Located in hed.models.query_handler, QueryHandler is the full-featured search engine. It compiles a query string into an expression tree once, then evaluates that tree against HedString objects that have already been parsed against a loaded HedSchema.

Key characteristics:

Input is a HedString object; a full HedSchema is required.
Output is a list[SearchResult] containing HedTag / HedGroup object references, useful for tag-level introspection (not just row filtering).
Supports the complete query language: &&, ||, ~, @, {}, [], {:}, ?, ??, ???.
@A means A must not appear anywhere in the string.
Ancestor matching is exact — the schema normalises both query and string tags to short form, so Event matches Sensory-event because the schema knows Sensory-event descends from Event.
Per-string cost includes a full HedString parse and schema tag resolution.

Use QueryHandler when you need schema-aware ancestor matching, or when you want object references (e.g., to retrieve the matched group for further processing). See hed.models.query_handler.QueryHandler.

`StringQueryHandler` — tree-based schema-optional search¶

Warning

This facility is experimental. The API of hed.models.string_search and hed.models.schema_lookup may change in future releases without notice. These modules are not part of the stable public interface exported from the top-level hed package.

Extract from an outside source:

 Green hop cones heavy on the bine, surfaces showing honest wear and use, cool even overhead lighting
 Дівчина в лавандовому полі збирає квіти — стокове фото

Import directly from the sub-modules.

Located in hed.models.string_search, StringQueryHandler is a middle-ground implementation that inherits from QueryHandler and reuses the full expression-tree compiler, but operates on raw strings rather than pre-parsed HedString objects.

It parses each raw HED string into a lightweight StringNode tree that duck-types the HedGroup/HedTag interfaces expected by the existing expression evaluators — so all QueryHandler query syntax works unchanged.

Key characteristics:

Input is a raw string (or a plain list[str] via string_search()).
Schema is optional: pass a schema_lookup dict (see hed.models.schema_lookup) to enable ancestor matching for short-form strings (e.g. Event matching Sensory-event); omit it for purely literal matching.
Output is a list (truthy/falsy) — row-filtering only, no object references.
Supports the same full query syntax as QueryHandler (&&, ||, ~, @, {}, etc.).
@A carries the same semantics as QueryHandler — A must not be present.
Long-form strings (Event/Sensory-event) support ancestor matching via slash-splitting even without a lookup. Short-form strings (Sensory-event) require a schema_lookup for ancestor matching; without one, matching is purely literal.
Parse cost is a lightweight recursive split — much cheaper than a full HedString + schema parse.

Use StringQueryHandler when you have raw strings (not HedString objects), need the full QueryHandler query syntax, and either don’t have a schema available or want faster processing at the cost of losing full schema-aware ancestor matching. See hed.models.string_search.StringQueryHandler.

Generating a schema lookup¶

Note

hed.models.schema_lookup is part of the experimental string-search facility. Its interface may change in future releases.

If you want StringQueryHandler to resolve ancestors for short-form strings (e.g. query Event matching Sensory-event) without a full schema parse per row, you can pre-generate a lookup dictionary from a HedSchema:

from hed import load_schema_version
from hed.models.schema_lookup import generate_schema_lookup, save_schema_lookup, load_schema_lookup

schema = load_schema_version("8.4.0")
lookup = generate_schema_lookup(schema)  # {short_name_casefold: tag_terms_tuple}

# Persist for reuse
save_schema_lookup(lookup, "hed840_lookup.json")
lookup = load_schema_lookup("hed840_lookup.json")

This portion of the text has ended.